=== WHAT THIS TASK INVOLVES ===
Each line below should be repeated exactly, but no picture should be carried over.

=== SOURCE MATERIAL ===
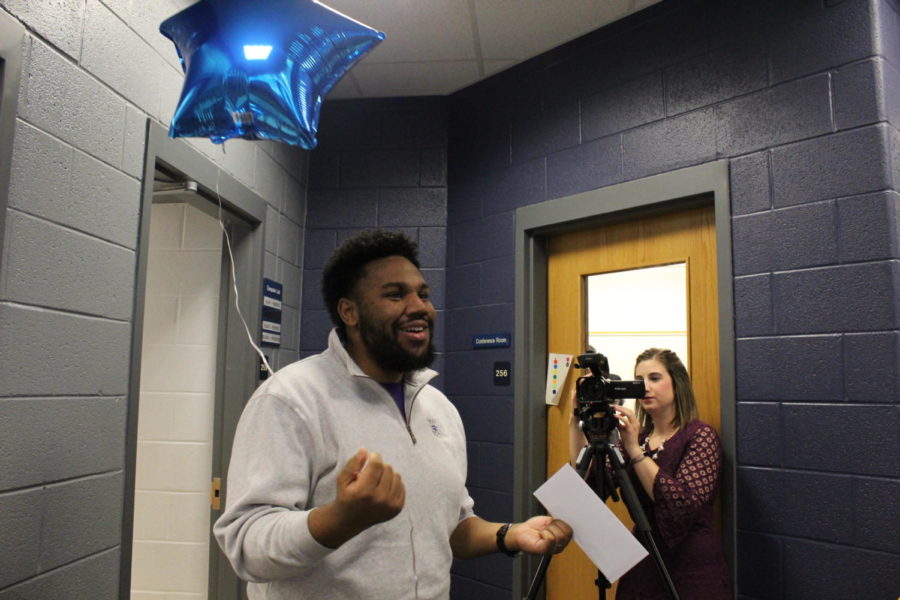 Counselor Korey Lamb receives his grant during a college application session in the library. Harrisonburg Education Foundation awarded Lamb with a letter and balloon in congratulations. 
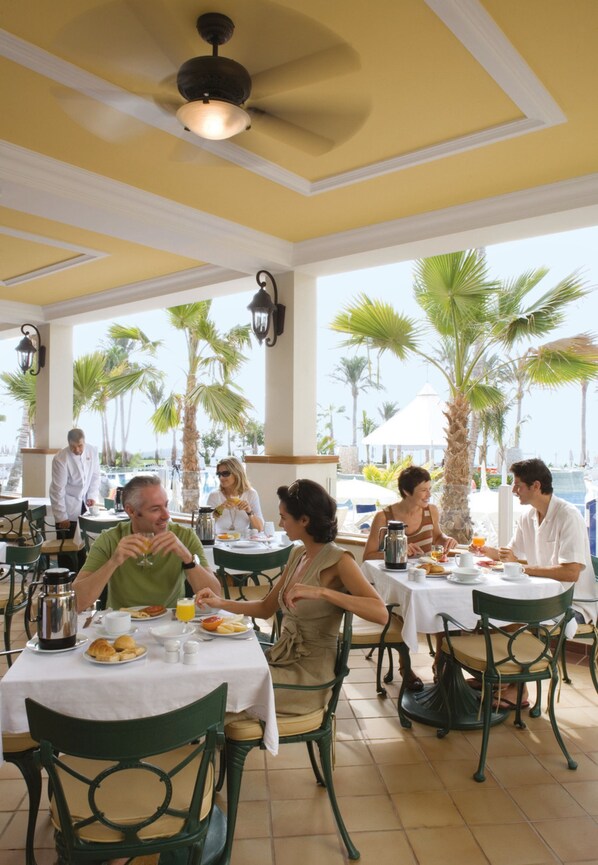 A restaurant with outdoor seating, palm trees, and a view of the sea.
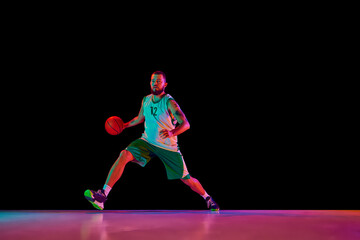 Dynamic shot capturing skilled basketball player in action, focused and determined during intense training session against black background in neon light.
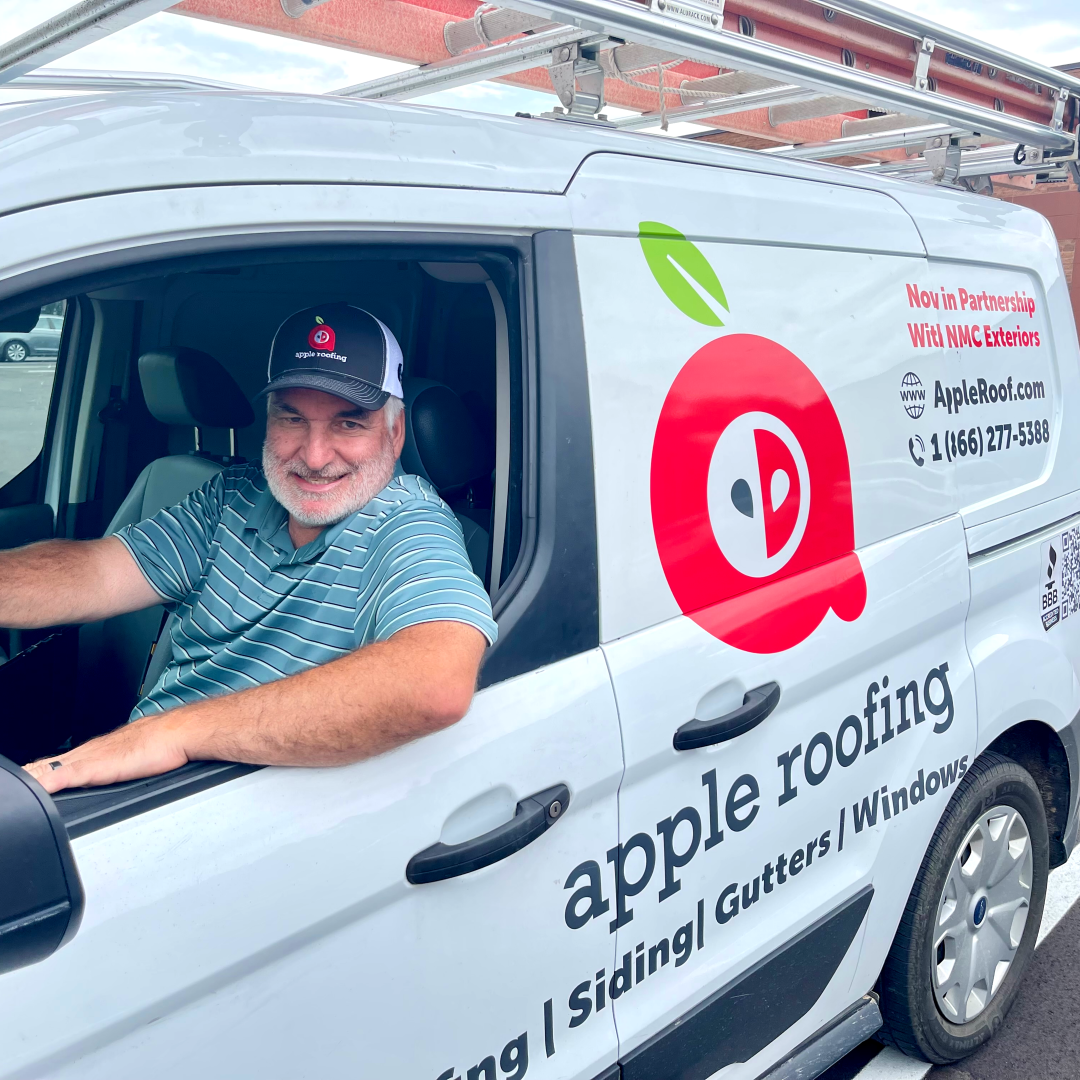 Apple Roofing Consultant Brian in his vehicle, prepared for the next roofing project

=== RESPONSE ===
 Counselor Korey Lamb receives his grant during a college application session in the library. Harrisonburg Education Foundation awarded Lamb with a letter and balloon in congratulations. 
 A restaurant with outdoor seating, palm trees, and a view of the sea.
 Dynamic shot capturing skilled basketball player in action, focused and determined during intense training session against black background in neon light.
 Apple Roofing Consultant Brian in his vehicle, prepared for the next roofing project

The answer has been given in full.